Recently, my project manager asked me to create a small web service and gave me an SSL certificate that each response should return to allow client to verify the endpoint. We’ll refer to this certificate as the primary certificate. He obtained this certificate from a well-known certificate authority we’ll just refer to here as “CA”.

Every SSL certificate contains an issuer field that points to another certificate needed to verify the primary certificate. Often, the issuer certificate is a root certificate, a self-signed certificate issued by a known and trusted certificate authority. Popular web browsers may be shipped with their own collections of trusted root certificates, or they may depend on a collection of certificates stored in a restricted directory in the local filesystem.

When my project manager requested the certicate from the CA customer web form, the form asked whether the certificate was intented to be used only within our company’s domain, or in the wild. He checked off that it would be used only within the company’s domain. In response, the CA mailed him a primary certificate to be returned by each server response and an issuer certificate to be distrubed to clients using the web service for verifying the primary certificate returned by each response. We’ll refer to this certificate as Issuer.crt.

I created the web server with unit tests, then wrote a small client application in Python with example requests.
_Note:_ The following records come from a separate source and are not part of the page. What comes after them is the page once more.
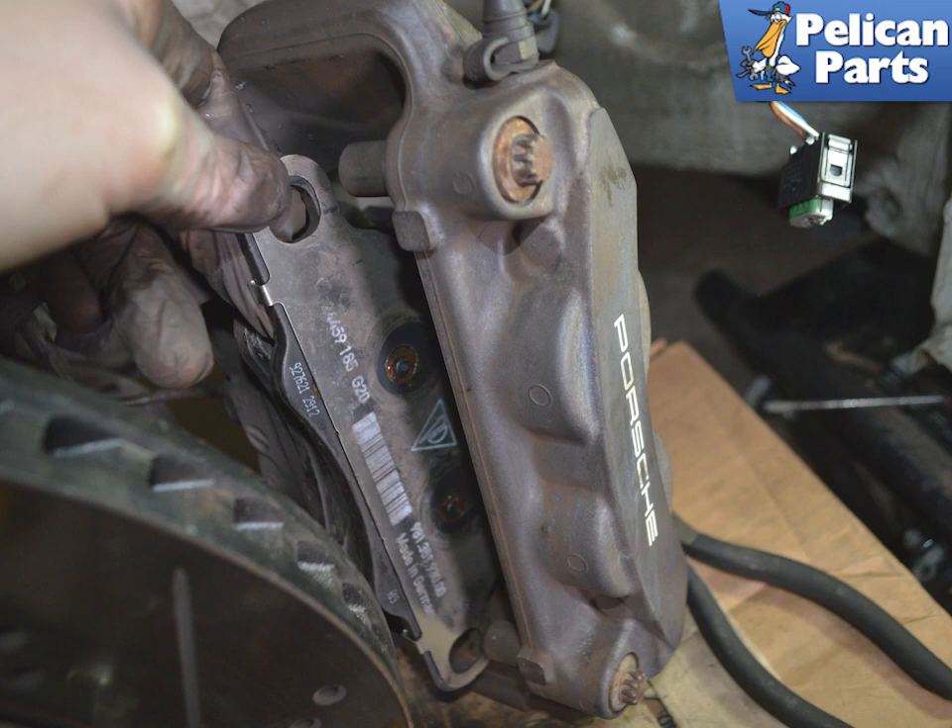Installation is the reverse of removal. Apply a small amount of anti-squeal to the back of the pads where they contact the pistons. Make sure to remove any dust buildup inside the caliper. Remember to top up the brake fluid as needed and pump the brake pedal a few times before driving to set the new pads. Brake pads need to be properly bedded or broken in — brake in your pads according to the manufacturer of the type of pads you purchased.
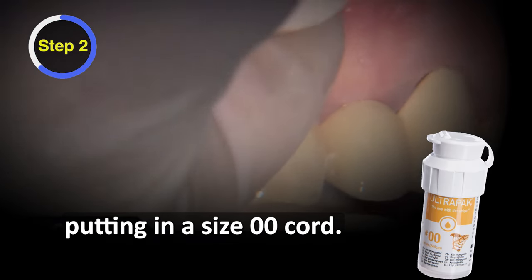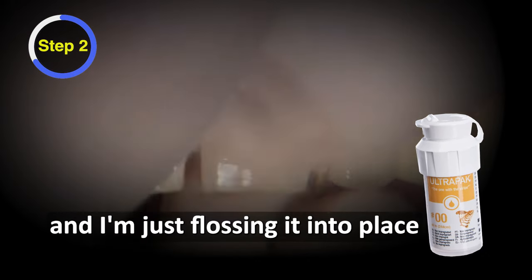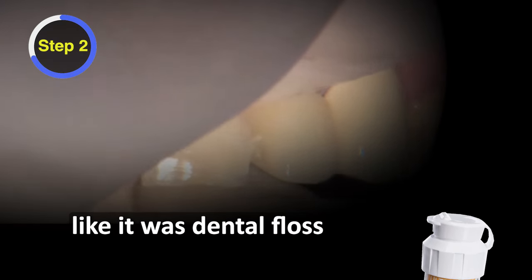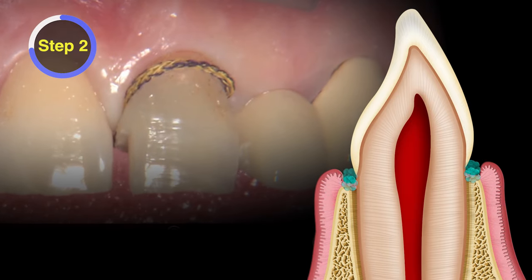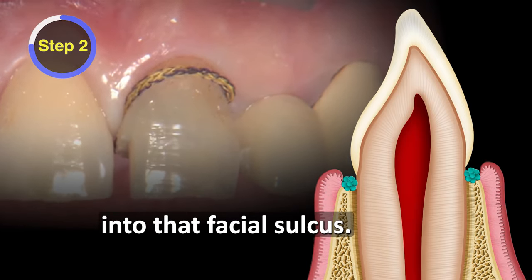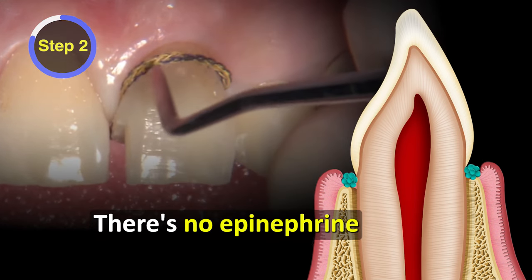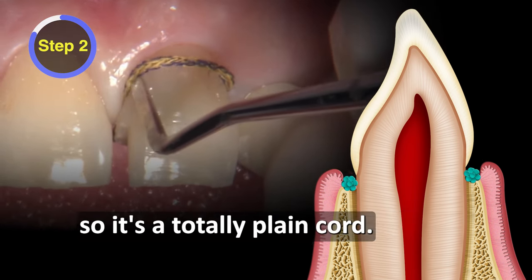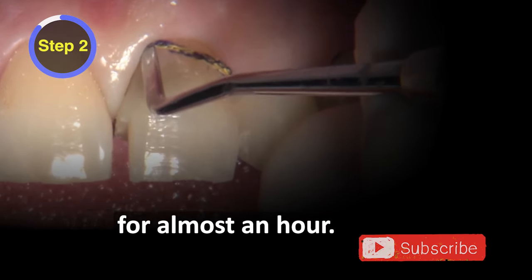Here we are putting in a double zero cord. This is an Ultra Pack cord from Ultradent, and I'm just flossing it into place like it was dental floss, then leaving a little excess on the facial so I can pack that down into the facial sulcus. This cord hasn't been soaked in anything — there's no epinephrine or anything in the strands. It's a totally plain cord, and the reason for that is it's gonna be in place for almost an hour.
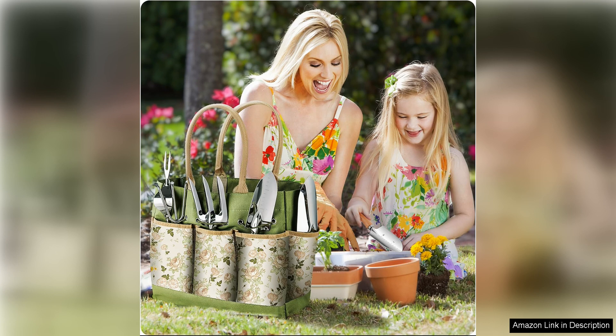I highly recommend the Gardening Tools 9-Piece Heavy Duty Gardening Hand Tools set to anyone looking for a reliable and stylish set of tools to enhance their gardening experience.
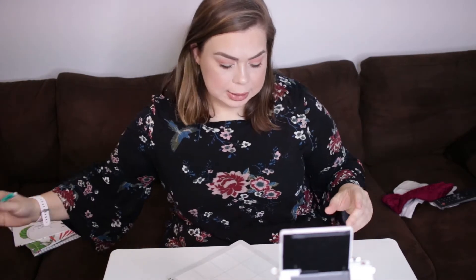Her math is Math U See, which I just write as 'MUS,' and we continue that throughout the week. I do change it up sometimes when she's bored. If we don't do the Math U See curriculum that day, we still do a math activity done through play — she'll be doing things with blocks and similar hands-on materials.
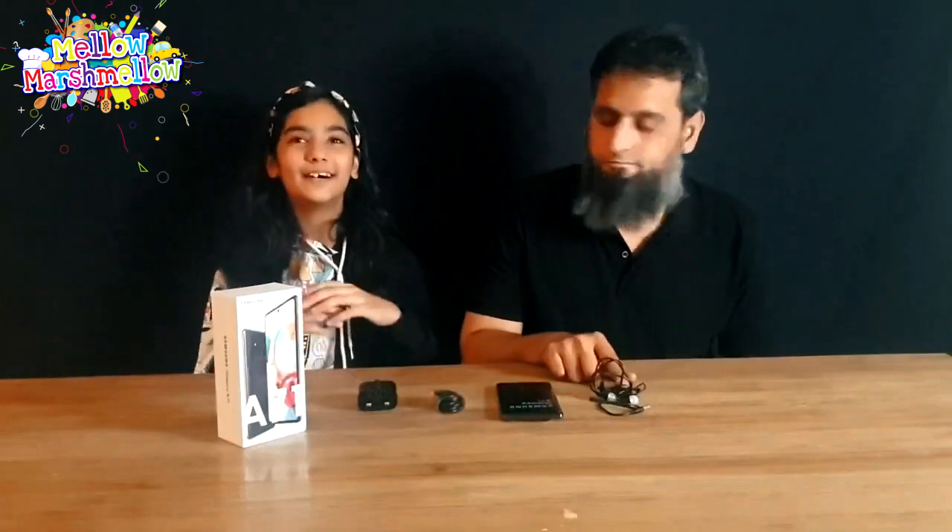So guys, this is what came inside the box: we have headphones, the phone itself of course, the charging cable, and the charging plug. We are going to be telling you the tech features soon and will also see if this is the best budget phone to make YouTube videos.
The Python library for HTTP requests is called (drum roll …) requests. requests depends on the certifi library that bundles a collection of root certificates in one file. Each HTTP request takes an optional named parameter, verify, that allows me to provide it with an alternate directory or file of root certificates. requests also provides a Session object that can be configured with parameters including verify, then re-used for multiple requests.

When my example does:

s = requests.Session();
s.verify = Issuer.crt;
s.get('https://my-web-service');

s.get() throws an SSLError exception. The reason is that Issuer.crt is not a root certificate. It too, refers to an issuer, which in this case is a CA root certificate, we’ll call CaRoot.crt. CaRoot.crt is in the collection provided by certifi, but requests will only search one collection, and by setting the verify parameter, I pointed it at a collection with one certificate, Issuer.crt.

Some browsers and http libraries will use the Authority Information Access (AIA) Extension. to attempt to resolve references to issuer certificates not already pre-installed in their collection by downloading them dynamically. Note that this introduces yet a new security vulnerability. Each new web request and response must itself be verified with SSL. This can result in a circular chain that can only be stopped by a timeout.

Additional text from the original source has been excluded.